Yesterday, on a beautiful crisp newly minted autumn Sunday morning, I sat up in bed all cosy listening to Liza Tarbuck’s Saturday radio show on the BBC Sounds app and undid every single stitch I’d done of my Coast Blanket while in West Cornwall last week (I told you its name would probably change lots of times) and restarted it.

I don’t want the square tilting so I had tried three different ways of turning each round and have now found a method I’m much happier with. I don’t think you can see where I’ve turned the hook and square? Tell me if you can see, I won’t mind. I won’t be undoing it again as I’m happy. I know no one visiting me and snuggling under my blankets would have noticed unless they were really looking, and probably non-crocheters wouldn’t at all, but they were bugging me. I’m a sometime perfectionist.

I can hear you shouting the word “Swatch!” And I’m shrugging back at you.

I managed to redo this yesterday. Too much for my hands but I enjoyed it. Today Ouch!

I’m one of a group of people on Instagram who are currently making simple granny square blankets. Motif, tapestry and intricate showy-offy colourwork crochet is all very well and good, but they don’t make the heart sing as much as a good old granny square!

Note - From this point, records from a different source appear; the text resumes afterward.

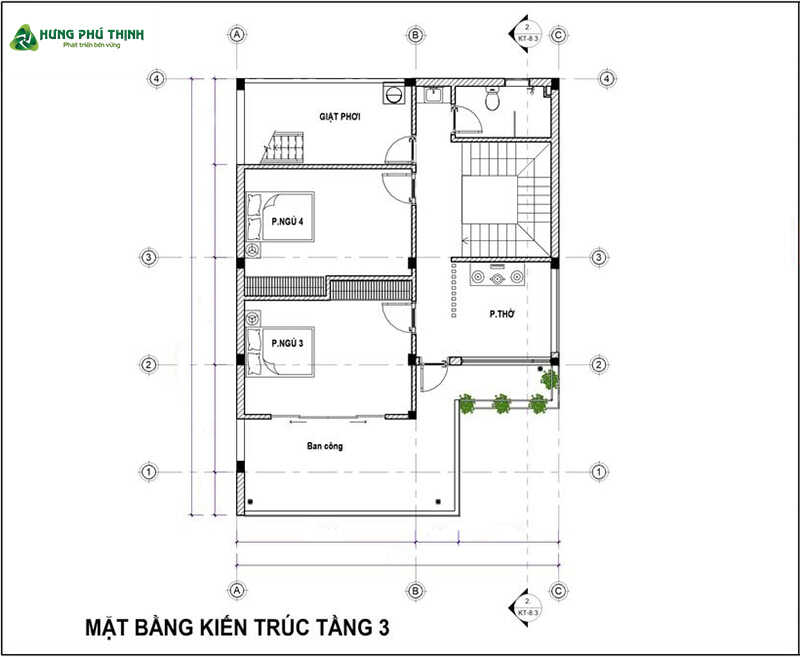 Bản vẽ chi tiết mẫu biệt thự 3 tầng hiện đại 10x16m - Tầng 3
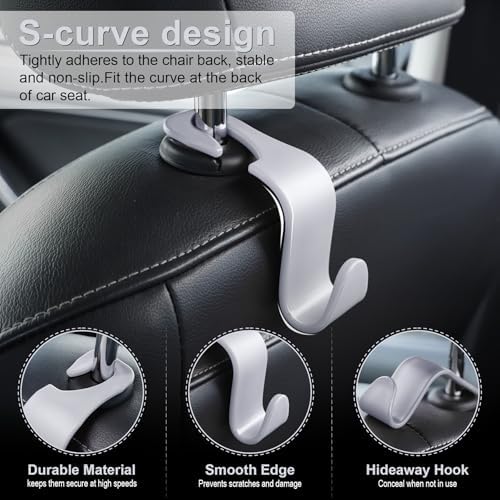 LivTee Car Seat Headrest Hook, Car Headrest Hidden Hook, 4 Pack Universal Auto - Image 2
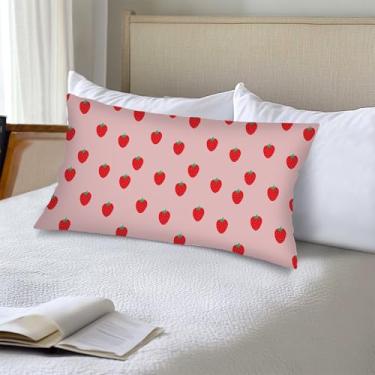 Imagem de Capas de travesseiro longas de morango King Size com zíper, primavera desenho contínuo frutas morangos fronhas decorativas fronha macia para cama, sofá, dormir, 50,8 cm x 101,6 cm, rosa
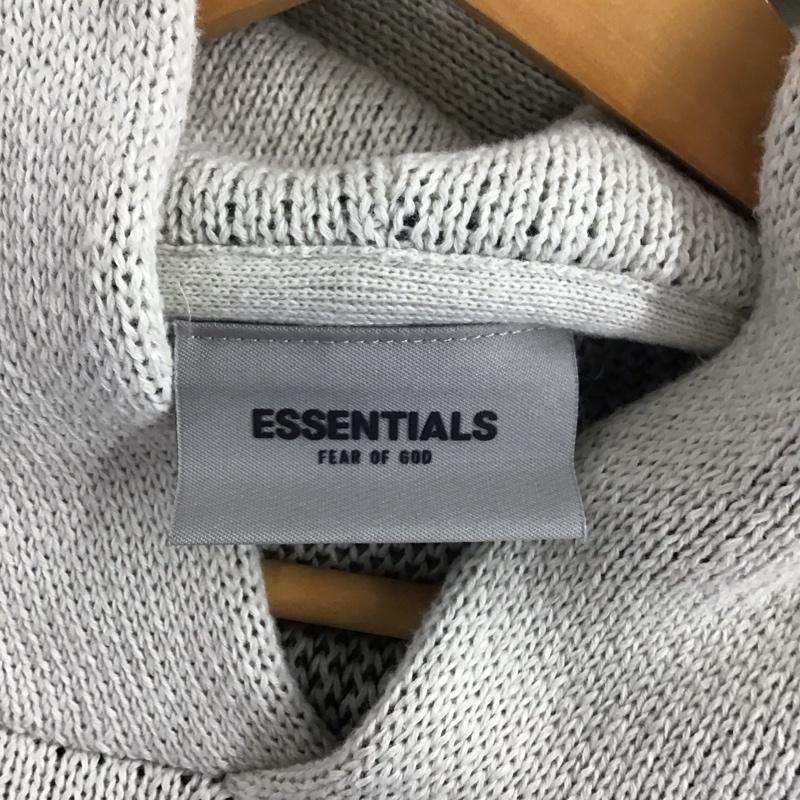 エッセンシャルズ ESSENTIALS パーカー 長袖 長袖ニットパーカー プルオーバーニット M ロゴ、文字 灰 / グレー / メンズ USED 古着 中古 10134965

Sometimes plain and cosy is enough and beautiful in its simplicity.

I feel like I’m spotting granny square blankets on nearly everything I watch right now. For example: The Duchess on Netflix and Doc Martin on Britbox this weekend. It’s really fun to shout “CROCHET!” at the screen. I’m not sure how anyone else feels about this habit. I’m not asking because I don’t want to stop…

I believe crochet originated as a thrifty way to use up leftover wool from knitting projects, or to reuse it from old garments. I love it when you see people doing similar with leftovers, albeit in these times of plenty. That’s how I came to be making my Tilted Squares Blanket actually. I wanted to use up the remnants of the one and only yarn pack I’d bought when I was a new crocheter, before I started to choose my own colour combos.

I know my Coast Blanket isn’t in the waste-not-want-not category in the slightest (See here ) but I’m absolutely loving this Hayfield Spirit variegated yarn. I’ve never used variegated for a blanket before. It keeps it interesting seeing the colours change. There will be lots of multicoloured rounds as it grows bigger, but it’s so pretty I don’t think it will grate. There’s going to be fewer weaker spots, because there won’t be very many ends to darn in all compared to changing yarns on every round. Hardly any darning = big win.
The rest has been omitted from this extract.